Have you tried using a floor broom to paint it?
That's how I did my garage and it took no time at all.

Garage looks great. I'd love one that big. Top work


----------



## THQuattro (Jun 13, 2014)

Looks good i need a double garage


----------



## horico (Jul 17, 2010)

Dannbodge said:


> Have you tried using a floor broom to paint it?
> That's how I did my garage and it took no time at all.
> 
> Garage looks great. I'd love one that big. Top work


No, I didn't. If only I knew!

Various searches suggested a decent masonry roller with a long pile but it was garbage. It was also quite a mess with the amount of paint you need to get on to fill the holes.

I've only got to finish it off now otherwise I'd give it a try.


----------



## SKY (Sep 25, 2011)

I too painted my double garage with a 4" brush last summer using sandtex trade masonry. 
Mine took 3 coats and around 30l of paint. 

It's a perfect finish mind you now.

I tried all methods but the brush was by far the best.

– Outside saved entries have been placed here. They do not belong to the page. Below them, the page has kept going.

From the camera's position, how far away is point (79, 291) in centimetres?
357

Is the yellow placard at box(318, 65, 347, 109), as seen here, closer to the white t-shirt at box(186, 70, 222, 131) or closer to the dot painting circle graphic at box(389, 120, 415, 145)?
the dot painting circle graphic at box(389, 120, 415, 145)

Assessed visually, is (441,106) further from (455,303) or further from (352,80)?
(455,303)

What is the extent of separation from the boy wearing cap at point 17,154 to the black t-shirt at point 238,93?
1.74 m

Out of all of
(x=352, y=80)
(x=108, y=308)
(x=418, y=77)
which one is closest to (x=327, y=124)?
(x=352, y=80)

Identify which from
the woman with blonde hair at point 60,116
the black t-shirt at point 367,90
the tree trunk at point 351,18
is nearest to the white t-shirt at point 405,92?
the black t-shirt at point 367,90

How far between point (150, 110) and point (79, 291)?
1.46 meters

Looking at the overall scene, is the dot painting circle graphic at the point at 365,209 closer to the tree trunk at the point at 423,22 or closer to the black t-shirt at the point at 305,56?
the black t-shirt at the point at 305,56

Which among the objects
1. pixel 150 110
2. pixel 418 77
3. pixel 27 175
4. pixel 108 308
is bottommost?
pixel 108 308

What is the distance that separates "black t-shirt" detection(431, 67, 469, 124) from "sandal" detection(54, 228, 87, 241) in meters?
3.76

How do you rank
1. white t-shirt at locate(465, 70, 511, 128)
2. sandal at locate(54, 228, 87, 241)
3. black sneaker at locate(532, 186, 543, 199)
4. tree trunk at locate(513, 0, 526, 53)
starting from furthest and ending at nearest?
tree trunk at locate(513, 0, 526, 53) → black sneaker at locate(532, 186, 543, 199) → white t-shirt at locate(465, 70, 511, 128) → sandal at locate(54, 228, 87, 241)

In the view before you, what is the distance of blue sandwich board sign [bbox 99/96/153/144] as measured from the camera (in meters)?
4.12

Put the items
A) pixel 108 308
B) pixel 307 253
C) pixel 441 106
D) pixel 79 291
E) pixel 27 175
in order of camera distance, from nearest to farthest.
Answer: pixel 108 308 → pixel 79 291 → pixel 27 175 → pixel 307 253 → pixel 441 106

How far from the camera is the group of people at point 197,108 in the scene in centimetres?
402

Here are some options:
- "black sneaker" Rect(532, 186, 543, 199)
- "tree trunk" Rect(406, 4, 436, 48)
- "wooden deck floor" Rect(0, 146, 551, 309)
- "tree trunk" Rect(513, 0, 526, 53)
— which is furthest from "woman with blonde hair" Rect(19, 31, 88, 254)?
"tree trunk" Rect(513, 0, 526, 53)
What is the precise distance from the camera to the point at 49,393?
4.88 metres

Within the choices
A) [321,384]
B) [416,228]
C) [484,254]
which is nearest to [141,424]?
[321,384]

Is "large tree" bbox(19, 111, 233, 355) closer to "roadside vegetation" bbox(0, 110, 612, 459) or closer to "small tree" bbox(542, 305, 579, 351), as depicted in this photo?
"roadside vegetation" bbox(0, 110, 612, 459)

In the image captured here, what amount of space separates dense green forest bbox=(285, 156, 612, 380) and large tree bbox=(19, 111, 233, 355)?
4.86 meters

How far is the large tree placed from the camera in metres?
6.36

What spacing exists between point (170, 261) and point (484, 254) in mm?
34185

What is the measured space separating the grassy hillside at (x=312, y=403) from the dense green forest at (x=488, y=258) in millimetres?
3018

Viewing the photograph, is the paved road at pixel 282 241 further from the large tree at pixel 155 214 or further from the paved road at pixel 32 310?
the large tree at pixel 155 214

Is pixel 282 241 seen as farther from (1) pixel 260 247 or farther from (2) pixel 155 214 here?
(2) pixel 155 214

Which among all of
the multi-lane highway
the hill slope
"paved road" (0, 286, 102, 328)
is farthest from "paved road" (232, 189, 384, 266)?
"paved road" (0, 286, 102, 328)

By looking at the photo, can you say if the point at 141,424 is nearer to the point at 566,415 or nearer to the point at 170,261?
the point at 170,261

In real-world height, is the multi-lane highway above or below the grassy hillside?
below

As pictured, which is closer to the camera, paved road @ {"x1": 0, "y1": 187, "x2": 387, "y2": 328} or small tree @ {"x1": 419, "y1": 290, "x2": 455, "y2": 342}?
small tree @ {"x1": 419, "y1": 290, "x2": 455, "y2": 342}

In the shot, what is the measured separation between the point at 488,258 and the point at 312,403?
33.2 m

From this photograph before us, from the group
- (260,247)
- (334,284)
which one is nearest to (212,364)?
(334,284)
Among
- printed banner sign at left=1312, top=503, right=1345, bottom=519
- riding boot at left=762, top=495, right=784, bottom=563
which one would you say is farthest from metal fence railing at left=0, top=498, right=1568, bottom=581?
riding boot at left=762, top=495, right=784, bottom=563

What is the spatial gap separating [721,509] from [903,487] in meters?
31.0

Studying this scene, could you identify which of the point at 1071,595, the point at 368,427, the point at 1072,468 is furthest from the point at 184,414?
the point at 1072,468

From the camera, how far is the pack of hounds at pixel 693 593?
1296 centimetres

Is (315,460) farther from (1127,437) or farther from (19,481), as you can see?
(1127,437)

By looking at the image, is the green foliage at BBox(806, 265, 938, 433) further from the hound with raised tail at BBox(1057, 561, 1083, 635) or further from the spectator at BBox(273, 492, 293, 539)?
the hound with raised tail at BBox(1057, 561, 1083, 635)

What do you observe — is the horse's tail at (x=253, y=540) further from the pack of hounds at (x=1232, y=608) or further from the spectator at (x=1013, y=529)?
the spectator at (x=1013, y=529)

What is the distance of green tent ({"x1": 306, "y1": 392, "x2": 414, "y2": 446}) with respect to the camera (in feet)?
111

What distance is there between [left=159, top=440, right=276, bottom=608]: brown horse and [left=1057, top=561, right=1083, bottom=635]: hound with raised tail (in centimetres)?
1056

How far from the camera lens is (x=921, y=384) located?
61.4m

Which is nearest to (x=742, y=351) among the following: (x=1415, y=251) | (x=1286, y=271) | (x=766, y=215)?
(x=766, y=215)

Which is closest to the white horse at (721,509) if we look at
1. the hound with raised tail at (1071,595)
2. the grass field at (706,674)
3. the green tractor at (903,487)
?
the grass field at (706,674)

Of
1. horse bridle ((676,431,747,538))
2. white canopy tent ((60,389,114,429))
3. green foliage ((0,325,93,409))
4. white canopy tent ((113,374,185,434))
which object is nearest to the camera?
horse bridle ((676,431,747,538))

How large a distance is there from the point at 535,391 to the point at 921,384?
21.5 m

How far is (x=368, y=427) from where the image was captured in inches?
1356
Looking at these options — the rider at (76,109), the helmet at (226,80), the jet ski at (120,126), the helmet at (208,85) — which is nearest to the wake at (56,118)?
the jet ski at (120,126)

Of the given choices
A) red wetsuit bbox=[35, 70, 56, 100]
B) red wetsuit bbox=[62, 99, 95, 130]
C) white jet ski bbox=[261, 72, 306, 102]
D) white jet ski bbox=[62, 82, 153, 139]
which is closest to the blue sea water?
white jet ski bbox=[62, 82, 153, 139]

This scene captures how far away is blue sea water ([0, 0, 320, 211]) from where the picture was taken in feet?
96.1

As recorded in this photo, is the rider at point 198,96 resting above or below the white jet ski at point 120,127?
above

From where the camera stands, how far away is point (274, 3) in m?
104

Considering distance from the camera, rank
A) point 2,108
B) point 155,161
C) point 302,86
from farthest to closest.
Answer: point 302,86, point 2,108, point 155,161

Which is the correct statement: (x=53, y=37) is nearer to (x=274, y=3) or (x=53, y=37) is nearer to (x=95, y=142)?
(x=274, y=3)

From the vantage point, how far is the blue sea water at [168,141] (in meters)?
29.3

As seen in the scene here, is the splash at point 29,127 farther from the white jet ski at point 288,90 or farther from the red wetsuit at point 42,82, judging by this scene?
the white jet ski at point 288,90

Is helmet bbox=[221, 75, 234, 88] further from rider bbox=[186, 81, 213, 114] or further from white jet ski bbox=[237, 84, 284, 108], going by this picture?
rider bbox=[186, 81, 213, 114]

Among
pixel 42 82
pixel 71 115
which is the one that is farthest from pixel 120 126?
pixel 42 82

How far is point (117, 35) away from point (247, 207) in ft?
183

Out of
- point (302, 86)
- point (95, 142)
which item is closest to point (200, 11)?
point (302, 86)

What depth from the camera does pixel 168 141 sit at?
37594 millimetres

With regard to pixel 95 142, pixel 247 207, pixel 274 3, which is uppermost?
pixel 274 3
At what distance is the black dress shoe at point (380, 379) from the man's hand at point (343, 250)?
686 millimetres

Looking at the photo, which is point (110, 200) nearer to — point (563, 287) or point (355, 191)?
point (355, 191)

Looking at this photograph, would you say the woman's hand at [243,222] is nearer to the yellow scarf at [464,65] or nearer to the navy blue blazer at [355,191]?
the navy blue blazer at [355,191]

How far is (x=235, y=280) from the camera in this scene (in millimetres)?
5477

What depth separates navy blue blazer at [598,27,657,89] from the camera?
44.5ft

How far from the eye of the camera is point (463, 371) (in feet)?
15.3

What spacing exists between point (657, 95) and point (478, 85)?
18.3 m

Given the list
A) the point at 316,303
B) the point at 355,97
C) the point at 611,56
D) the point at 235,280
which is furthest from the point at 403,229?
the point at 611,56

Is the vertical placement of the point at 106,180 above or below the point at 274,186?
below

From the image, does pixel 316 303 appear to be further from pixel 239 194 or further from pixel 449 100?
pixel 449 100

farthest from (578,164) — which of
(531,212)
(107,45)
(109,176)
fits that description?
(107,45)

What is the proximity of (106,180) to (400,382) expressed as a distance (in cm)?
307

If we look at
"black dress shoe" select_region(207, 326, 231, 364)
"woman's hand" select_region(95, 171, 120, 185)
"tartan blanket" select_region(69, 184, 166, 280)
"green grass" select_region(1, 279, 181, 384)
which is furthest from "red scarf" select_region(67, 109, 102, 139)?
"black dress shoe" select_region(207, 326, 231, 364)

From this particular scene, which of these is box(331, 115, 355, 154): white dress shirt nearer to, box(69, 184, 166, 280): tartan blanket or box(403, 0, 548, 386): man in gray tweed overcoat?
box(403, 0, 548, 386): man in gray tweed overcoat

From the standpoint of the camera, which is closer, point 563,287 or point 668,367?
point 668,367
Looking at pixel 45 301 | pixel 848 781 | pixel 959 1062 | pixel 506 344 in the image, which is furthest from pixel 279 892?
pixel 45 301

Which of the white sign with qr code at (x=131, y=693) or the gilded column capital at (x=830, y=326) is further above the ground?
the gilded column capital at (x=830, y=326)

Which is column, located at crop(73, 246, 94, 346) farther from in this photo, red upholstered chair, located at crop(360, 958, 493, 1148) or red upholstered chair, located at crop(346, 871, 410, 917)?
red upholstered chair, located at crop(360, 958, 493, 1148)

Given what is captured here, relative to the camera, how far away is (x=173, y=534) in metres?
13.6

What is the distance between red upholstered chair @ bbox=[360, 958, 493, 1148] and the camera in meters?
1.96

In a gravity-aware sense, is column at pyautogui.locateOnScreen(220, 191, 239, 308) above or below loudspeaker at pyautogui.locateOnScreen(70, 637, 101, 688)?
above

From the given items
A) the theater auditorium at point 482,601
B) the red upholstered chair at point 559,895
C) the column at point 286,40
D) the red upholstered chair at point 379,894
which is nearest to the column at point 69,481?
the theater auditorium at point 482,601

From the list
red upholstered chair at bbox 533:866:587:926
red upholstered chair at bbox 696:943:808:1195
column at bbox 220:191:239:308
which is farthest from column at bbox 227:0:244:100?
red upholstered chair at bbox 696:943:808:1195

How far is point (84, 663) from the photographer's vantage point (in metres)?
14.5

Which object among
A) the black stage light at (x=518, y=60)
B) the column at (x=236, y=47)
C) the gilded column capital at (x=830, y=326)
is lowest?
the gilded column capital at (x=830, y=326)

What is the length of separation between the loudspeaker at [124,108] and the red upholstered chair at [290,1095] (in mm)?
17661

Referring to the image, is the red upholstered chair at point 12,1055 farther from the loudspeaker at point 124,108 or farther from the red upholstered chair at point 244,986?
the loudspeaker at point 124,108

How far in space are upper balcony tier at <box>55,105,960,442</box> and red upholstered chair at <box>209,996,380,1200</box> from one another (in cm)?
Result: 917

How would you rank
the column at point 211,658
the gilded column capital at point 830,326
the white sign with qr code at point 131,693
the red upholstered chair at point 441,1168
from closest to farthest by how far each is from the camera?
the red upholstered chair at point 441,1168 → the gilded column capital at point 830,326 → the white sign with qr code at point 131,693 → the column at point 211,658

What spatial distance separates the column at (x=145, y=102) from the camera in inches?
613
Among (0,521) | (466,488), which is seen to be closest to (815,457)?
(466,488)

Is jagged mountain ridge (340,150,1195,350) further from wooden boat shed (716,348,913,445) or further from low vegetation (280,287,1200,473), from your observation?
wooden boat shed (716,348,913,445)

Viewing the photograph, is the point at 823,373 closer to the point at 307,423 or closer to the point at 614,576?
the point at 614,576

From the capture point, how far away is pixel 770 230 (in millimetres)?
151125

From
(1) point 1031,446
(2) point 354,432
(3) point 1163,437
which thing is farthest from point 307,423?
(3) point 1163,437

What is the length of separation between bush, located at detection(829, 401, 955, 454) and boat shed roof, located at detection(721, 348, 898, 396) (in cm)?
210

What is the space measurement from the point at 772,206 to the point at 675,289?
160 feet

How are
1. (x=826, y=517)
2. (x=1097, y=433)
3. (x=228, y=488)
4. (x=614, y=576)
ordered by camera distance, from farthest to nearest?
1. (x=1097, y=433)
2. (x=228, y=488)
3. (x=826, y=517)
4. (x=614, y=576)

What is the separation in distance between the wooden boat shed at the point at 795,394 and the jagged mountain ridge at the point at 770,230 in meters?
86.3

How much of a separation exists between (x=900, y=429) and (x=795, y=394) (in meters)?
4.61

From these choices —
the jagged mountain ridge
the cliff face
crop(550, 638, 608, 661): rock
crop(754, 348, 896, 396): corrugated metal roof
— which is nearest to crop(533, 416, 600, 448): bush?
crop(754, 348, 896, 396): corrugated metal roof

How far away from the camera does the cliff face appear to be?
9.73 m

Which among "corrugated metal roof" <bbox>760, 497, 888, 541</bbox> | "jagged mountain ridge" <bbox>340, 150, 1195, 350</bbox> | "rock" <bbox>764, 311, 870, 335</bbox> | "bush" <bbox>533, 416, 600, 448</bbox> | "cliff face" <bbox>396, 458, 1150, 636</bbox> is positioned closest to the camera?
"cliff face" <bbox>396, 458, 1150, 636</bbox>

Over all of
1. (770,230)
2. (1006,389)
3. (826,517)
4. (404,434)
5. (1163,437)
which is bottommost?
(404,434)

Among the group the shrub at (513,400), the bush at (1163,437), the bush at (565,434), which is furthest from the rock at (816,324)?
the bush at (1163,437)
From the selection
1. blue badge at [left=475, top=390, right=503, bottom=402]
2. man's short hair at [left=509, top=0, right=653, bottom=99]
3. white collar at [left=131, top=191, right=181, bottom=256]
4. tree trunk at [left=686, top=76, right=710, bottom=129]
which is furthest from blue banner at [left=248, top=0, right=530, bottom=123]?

Lucky I had the iPod on the go.


----------



## M3simon (Jan 23, 2012)

Looks good mate.


----------



## BenEarles (Sep 27, 2014)

Looks great.


----------



## tigerspill (Nov 28, 2015)

If you don't mind me asking - what is the external finish?


----------



## horico (Jul 17, 2010)

tigerspill said:


> If you don't mind me asking - what is the external finish?


The outside is just wood cladding painted black. It's not in the best condition actually so it's on the snagging list. If it was tidy, it would look great IMO.


----------



## horico (Jul 17, 2010)

So, small update. Been really short of time with work, family stuff and xmas but I've spent a few more hours on the walls and got them finished off. The right side was all done by brush with the first coat taking 3 hours, the second 2 hours and the final coat about 80 mins. I left it for about 24 hrs to dry each time and the finish is spot on. Here's the finished right hand side:










Next was to move everything to one side to get started on the floor. It's annoying to know I have to move it all over again but I'm planning on building the platform ASAP so as soon as the right side floor is done, I'll set it out. Here's the left side before floor painting!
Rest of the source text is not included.